*Problem to work on*
With the pictures left out, please write out exactly each line from the one containing "AYRLAWN - Residential Lease" through the end of the material.

*Collected data*
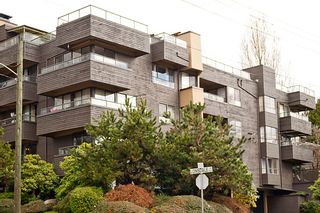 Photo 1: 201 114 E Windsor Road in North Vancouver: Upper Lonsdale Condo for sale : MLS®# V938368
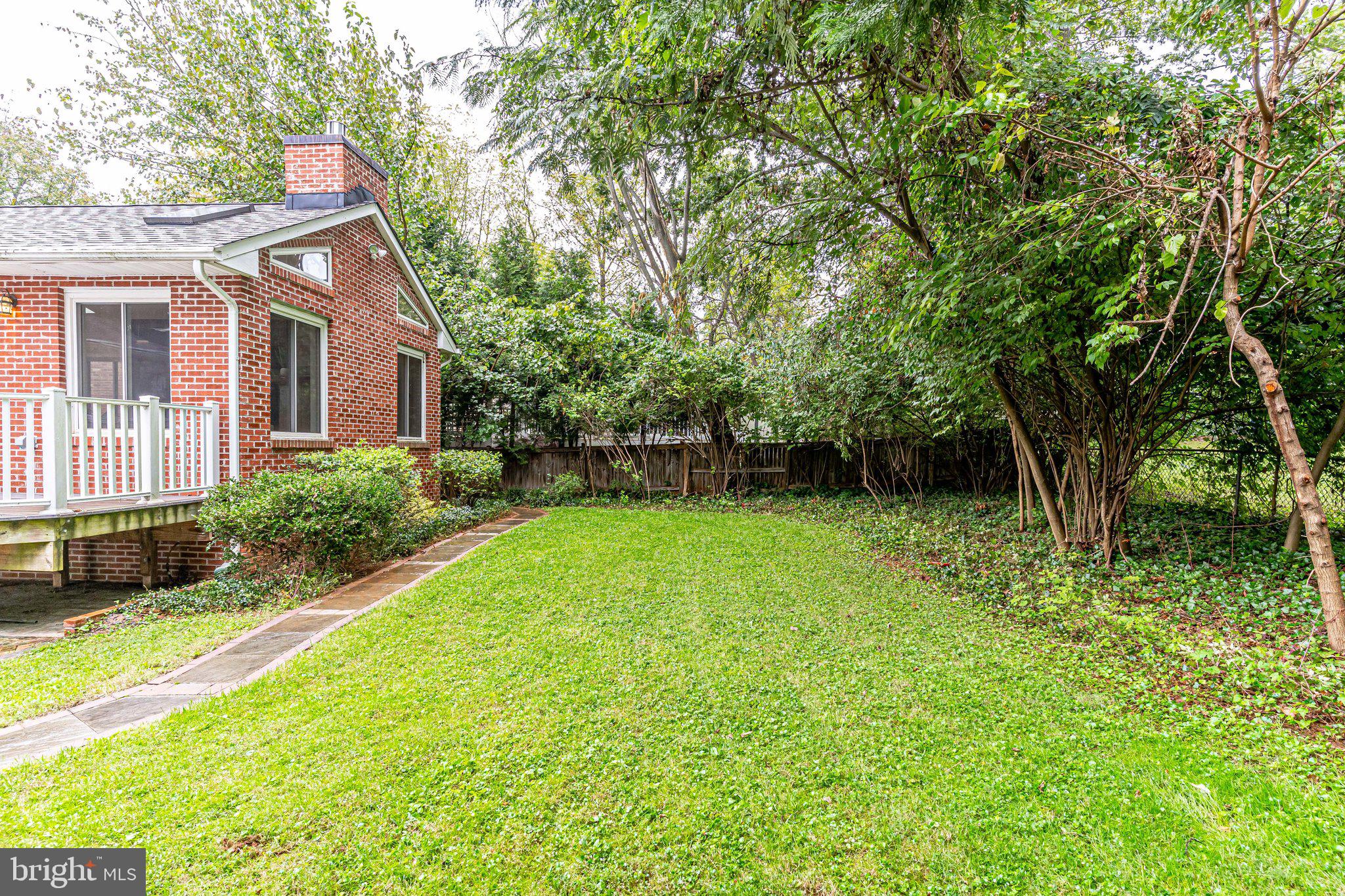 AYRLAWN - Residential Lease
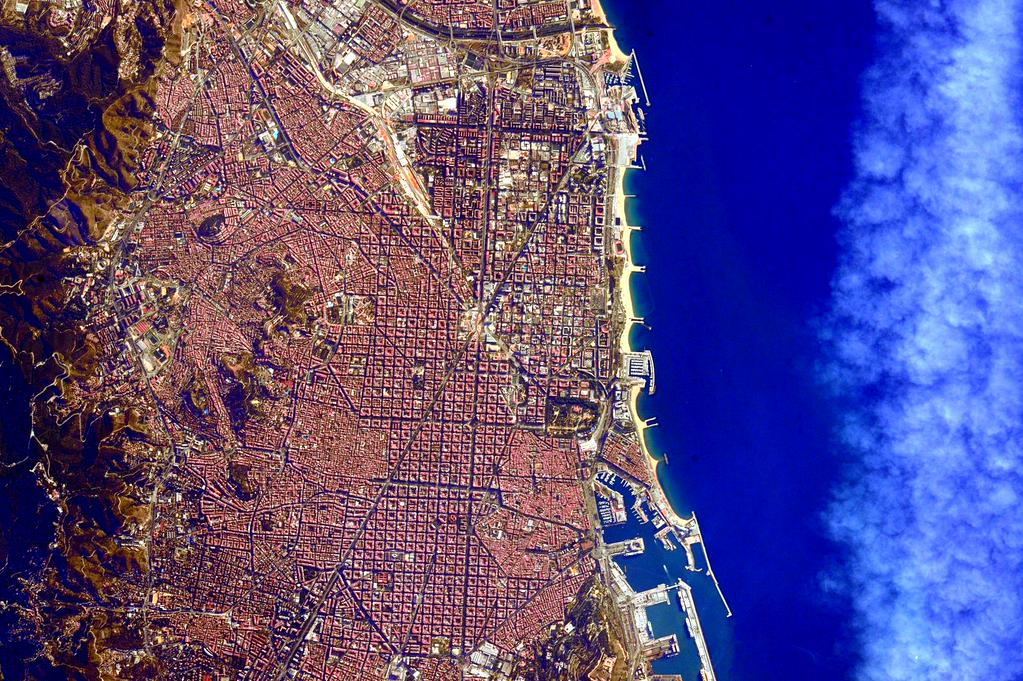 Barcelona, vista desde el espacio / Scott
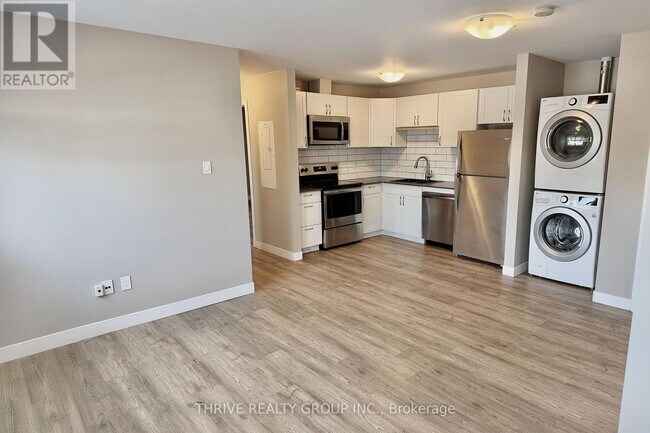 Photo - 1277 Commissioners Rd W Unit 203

*Solution to this task*
 AYRLAWN - Residential Lease
 Barcelona, vista desde el espacio / Scott
 Photo - 1277 Commissioners Rd W Unit 203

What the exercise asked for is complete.